Ma questa realtà micologica è solo una piccola cosa. Il bosco è la vita della montagna. Le radici tengono saldo il terreno che rischia sempre di venir giù quando piove abbonda interamente. Da qualche mese di pioggia ne è caduta in abbondanza, anche con micidiali “bombe” che in pochi minuti mettono a repentaglio il suolo. È così che in questi ultimi tempi le frane, gli smottamenti sono purtroppo stati frequenti in paesi aggrappati alle montagne.

La foresta deve essere disciplinata e rinnovata secondo la buona regola che ad ogni albero estirpato se ne mette a dimora uno nuovo. Non so se di questi tempi la regoletta sia proprio aurea. Più volte ho scritto che l’impiego di legna ancora viva per “scaldà soeu i scoll”, sarebbe stata anche l’occasione di ripulire le montagne dalla stragrande quantità di alberi morti e giacenti sul fragile terreno a rischio di precipitare a valle come è purtroppo avvenuto.
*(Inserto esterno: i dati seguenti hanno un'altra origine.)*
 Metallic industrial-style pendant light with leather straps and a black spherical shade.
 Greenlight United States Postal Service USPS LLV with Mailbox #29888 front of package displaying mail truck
Queste stufe che arderanno disinvoltamente però mi fanno pensare ai vecchi camini che nel 2006 sono stati messi fuori regola dalla Regione perché i tronchi ardenti producono troppa Co2, ovvero inquinano. Perché allora le stufe possono bruciare legno? Questo avviene in apparecchi dell’ultima generazione, addirittura a quattro cinque stelle di efficacia e di qualità: stellate come l’Hotel Danieli, come Villa d’Este. Quindi inquinano assai poco, così assicurano i tecnici. Invece i vecchi cari camini che portano tanto calore (in tutti i sensi), graziosa allegria con le loro belle fiamme scoppiettanti, (ricordando quando appeso al gancio c’era “el stegnà de la pulenta”), poverini non posseggono nemmeno mezza stella. Altro che lussuosi hotel, sono povere osterie, ricche di vita però. Quindi i camini sono off-limits

Da amante della montagna e delle tradizioni contadine questa sorte del “vecchio camino” mi mortifica assai, così come quello che temo sia l’amaro destino dei nostri boschi. Ormai impera il concetto secondo il quale la montagna è l’occasione per essere sfruttata, dare reddito, invece che protetta valorizzata, disciplinata. Ma gli organismi che amministrano le risorse delle nostre montagne guardano con troppa avidità allo sfruttamento. Personalmente non mi si adattano i menù proposti e cucinati da quelle comunità montane sempre più lanciate e ostinate a creare attrezzature turistiche e sportive in quota che, a guardar bene, temo siano però destinate, una volta realizzate, a sciogliersi proprio come neve al sole.